#### [Source material]
Content starts

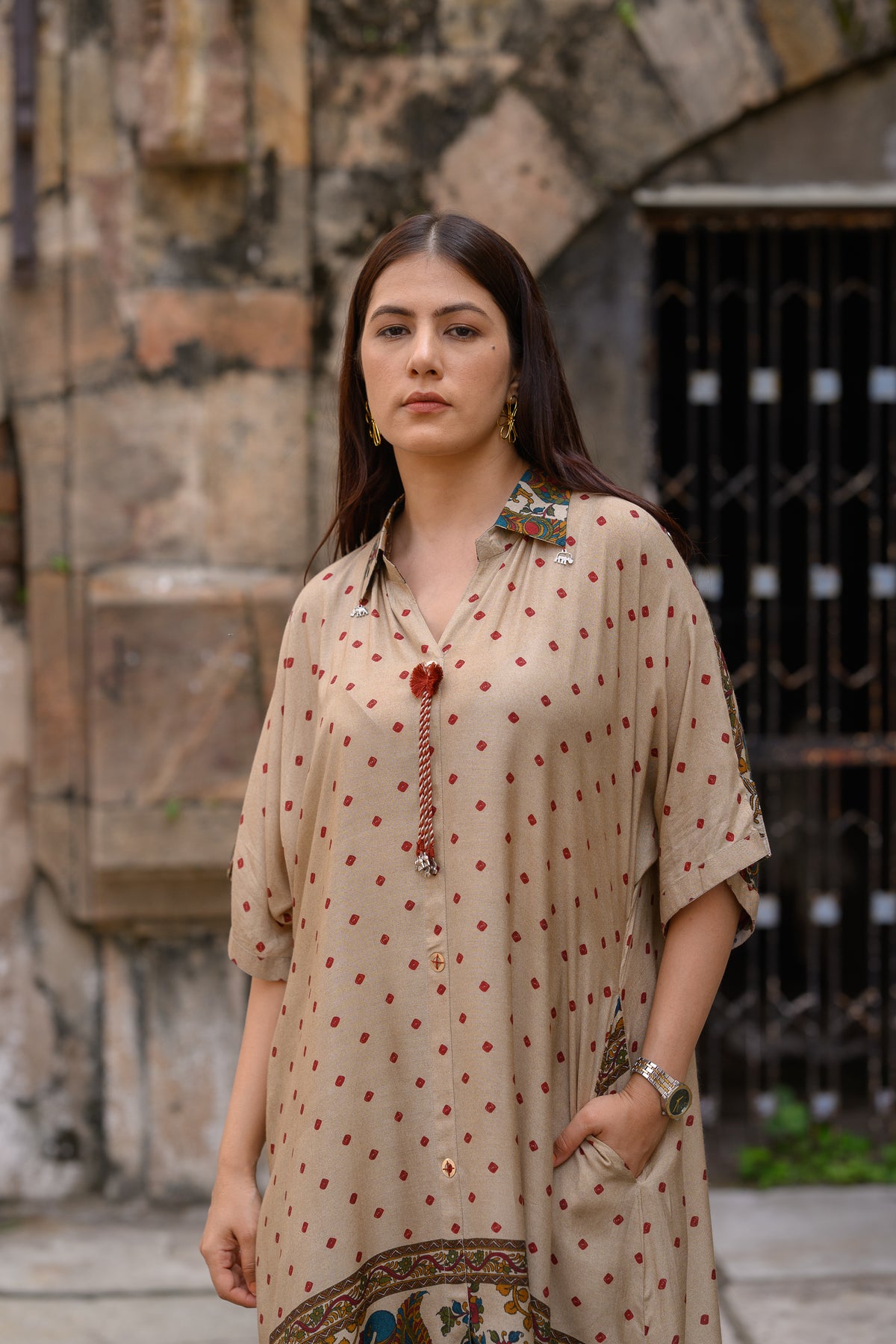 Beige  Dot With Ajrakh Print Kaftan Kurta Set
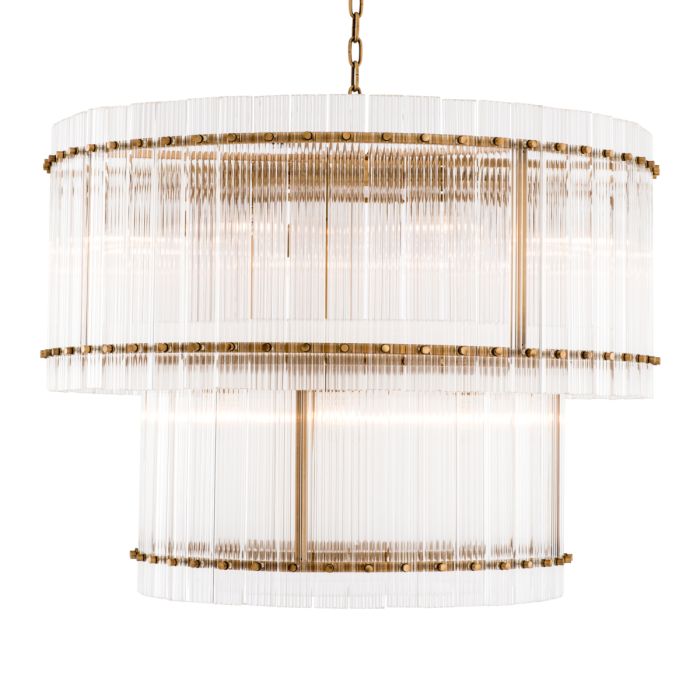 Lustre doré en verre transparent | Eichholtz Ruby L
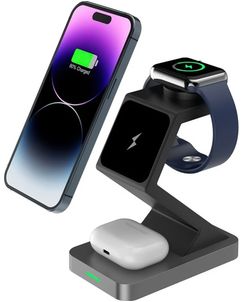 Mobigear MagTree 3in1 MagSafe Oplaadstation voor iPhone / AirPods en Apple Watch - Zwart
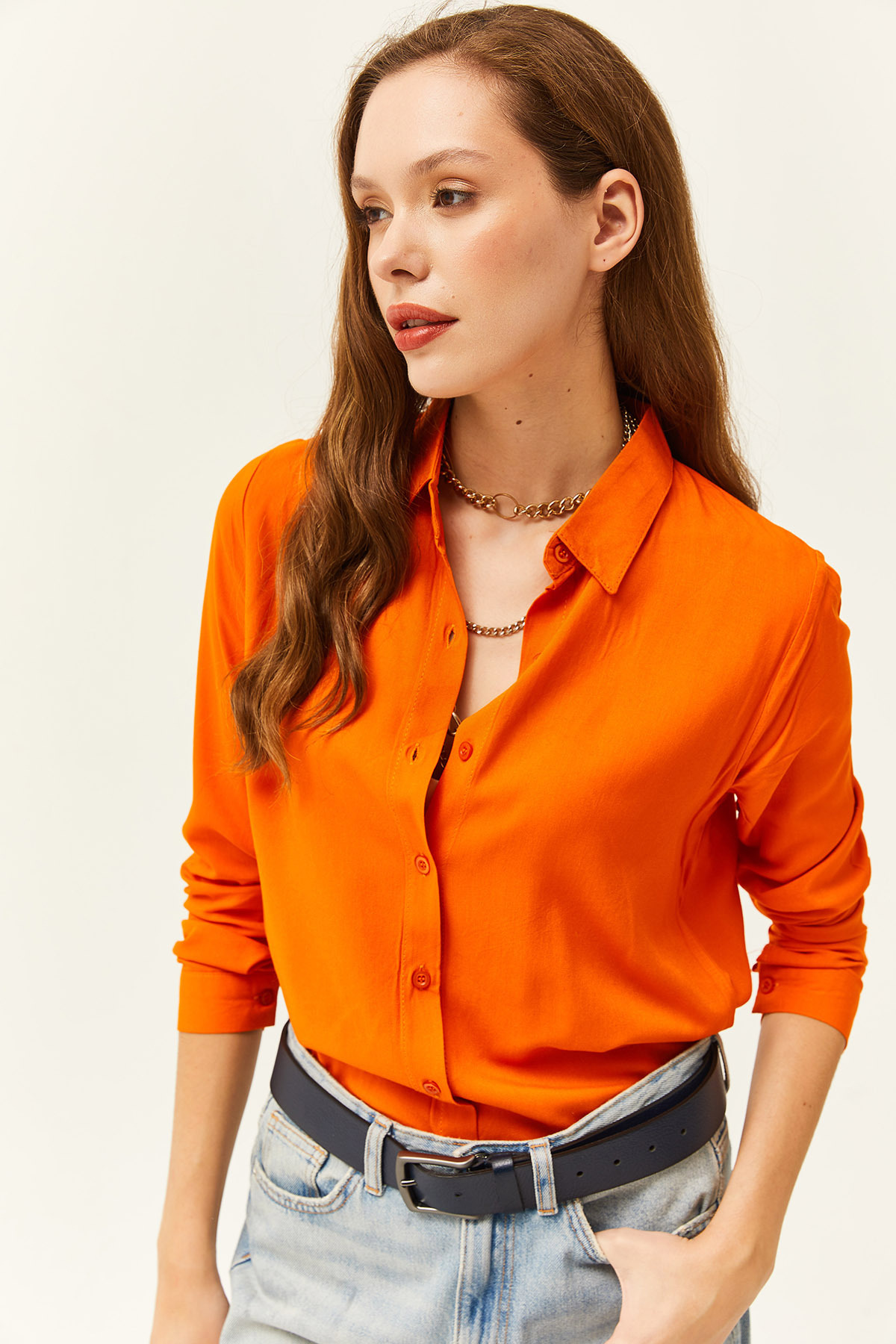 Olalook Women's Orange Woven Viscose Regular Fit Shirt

Content ends

#### [Task objective]
The whole listing should be restated word for word, with no pictures.

#### [Exercise output]
 Beige  Dot With Ajrakh Print Kaftan Kurta Set
 Lustre doré en verre transparent | Eichholtz Ruby L
 Mobigear MagTree 3in1 MagSafe Oplaadstation voor iPhone / AirPods en Apple Watch - Zwart
 Olalook Women's Orange Woven Viscose Regular Fit Shirt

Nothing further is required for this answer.